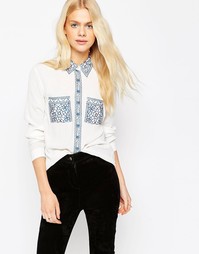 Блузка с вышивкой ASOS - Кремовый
======
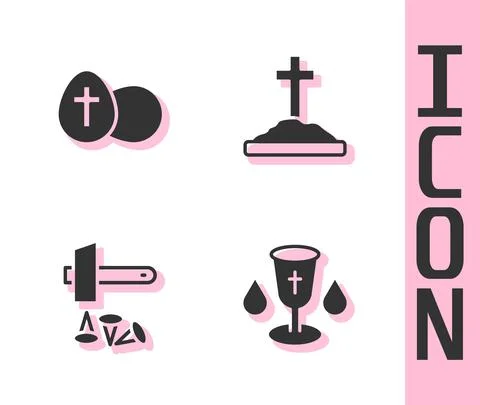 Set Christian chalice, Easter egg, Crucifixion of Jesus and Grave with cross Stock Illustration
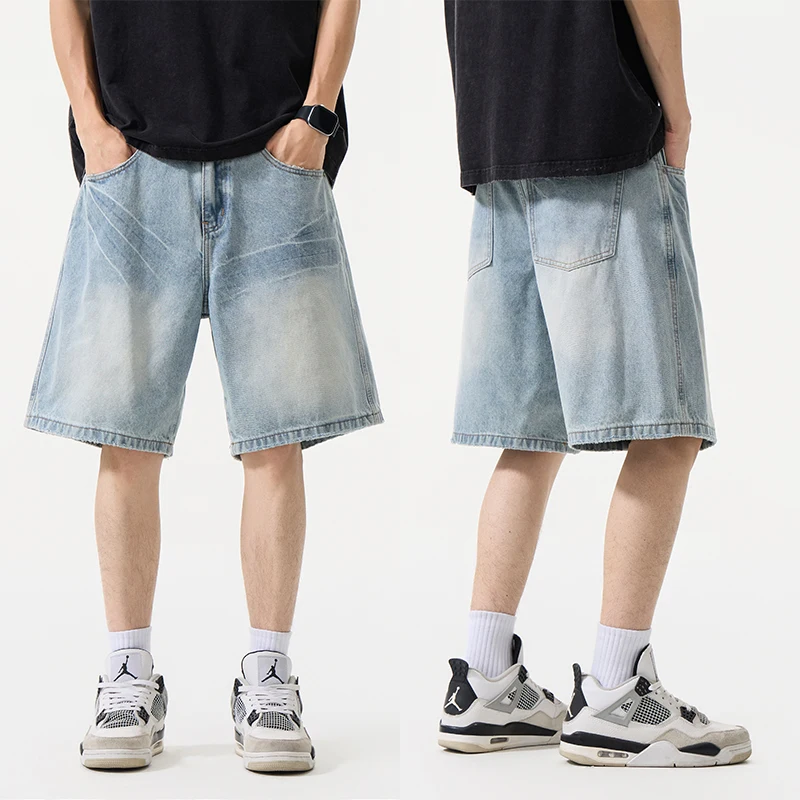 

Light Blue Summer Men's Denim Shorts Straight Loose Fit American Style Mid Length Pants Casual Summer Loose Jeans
======
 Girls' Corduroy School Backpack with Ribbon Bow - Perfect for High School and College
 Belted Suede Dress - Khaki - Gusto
======
=== TASK GOAL ===
Both end lines included, restate word for word the lines above from the line with "Girls' Corduroy School" to the line with "Belted Suede Dress - Khaki - Gusto", and nothing else.

=== SOLUTION TO THE EXERCISE ===
 Girls' Corduroy School Backpack with Ribbon Bow - Perfect for High School and College
 Belted Suede Dress - Khaki - Gusto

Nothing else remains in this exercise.